Wrapping up a challenging year
Weather predictions to the contrary, Cleveland Heights enjoyed a sunny, if brisk, Election Day on Nov. 2, with rain holding off until shortly before the polls closed.
We are grateful to the candidates who ran in this historic municipal election. Democracy is not a spectator sport, and without viable candidates and dedicated elected officials, it cannot exist. The 13 candidates who competed for five city council seats, the seven who ran for three school board positions, and the two mayoral finalists made these campaigns highly competitive.
Congratulations to Cleveland Heights’ first-ever mayor-elect Kahlil Seren, new council members-elect Tony Cuda, Anthony Mattox and Josie Moore, returning council members Craig Cobb and Davida Russell, and returning school board members Dan Heintz, Malia Lewis and Jodi Sourini.
Looking back over 2021, we admit we’ve been a little cranky. On top of the pandemic and a seemingly interminable election season, life in a city suspended between past and future makes for anxiety and impatience.
Unfortunately, Cleveland Heights has been in something of a holding pattern since November 2019, when we voted to change our form of government, beginning Jan. 1, 2022.

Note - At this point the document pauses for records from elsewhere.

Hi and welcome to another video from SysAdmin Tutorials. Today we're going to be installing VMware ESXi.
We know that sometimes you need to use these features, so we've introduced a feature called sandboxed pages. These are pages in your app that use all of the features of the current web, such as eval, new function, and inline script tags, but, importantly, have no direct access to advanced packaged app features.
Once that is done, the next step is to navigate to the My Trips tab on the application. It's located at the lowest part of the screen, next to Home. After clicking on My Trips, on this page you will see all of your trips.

To be fair, the city has not been at a complete standstill. Several development initiatives have seen forward motion, pleasing some residents and dismaying others. As Top of the Hill rises, planning is underway for a residential and retail complex in Cedar Lee. A contract has been signed for infill housing on 23 city-owned lots in Caledonia.

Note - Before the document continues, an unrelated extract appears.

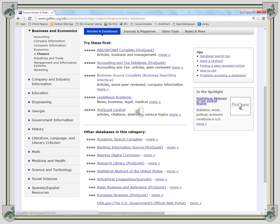This screen shows all the articles and databases listed under Finance and the subjects. Select Business Source Complete for your research.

Meanwhile, the planning department spearheaded a revision of zoning codes for residential parking and garages. This flexible policy accommodates the great variation in lot sizes throughout the city, and eliminates the imperative to expand paved surfaces, allowing for continued absorption of stormwater.
As we pointed out in May, June and July, inequity persists among our neighborhoods, with amenities particularly lacking in the Noble and Severance areas. Severance Center remains a particularly thorny problem, so we are glad to see MetroHealth Medical Center’s new behavioral health unit under construction, and a Netflix film in production in the former WalMart.
Of course, city staff and Planning Commission members should have sought to preserve all of Millikin Woods early in the approval process for MetroHealth’s expansion, when there was time to negotiate a better solution. But we are gratified that, at long last, our council members followed the example of their Shaker Heights peers, and voted to support the Northeast Ohio Regional Sewer District’s plan for the Shaker parklands.
We hope that in the future all proposed city policies and initiatives will undergo scrutiny through the lenses of racial and economic justice and environmental sustainability.
Last month, we wrote of waiting nearly a year for council and staff to make essential preparations for the approaching governmental change. Finally, the long-promised “transition book” has been delivered to the mayor-elect, and to the current and incoming council members. In November, the law department finally produced draft legislation updating our codified ordinances in accordance with the amended charter.
Getting back to our crankiness, we recognize the need for patience in the months ahead. Mayor-elect Seren will be building an administration virtually from scratch. Council, with three new members out of six, must reconstitute itself as a legislative and representative body, and choose a seventh member to fill Seren’s seat. Due to now-ubiquitous supply-chain issues, delivery of new garbage trucks and carts is delayed at least until spring. Years’ worth of pent-up frustration will not disappear overnight.
A grace period for our new government seems only fair. With great hope for the future of Cleveland Heights, we commit to it and invite you to do so as well. Happy holidays!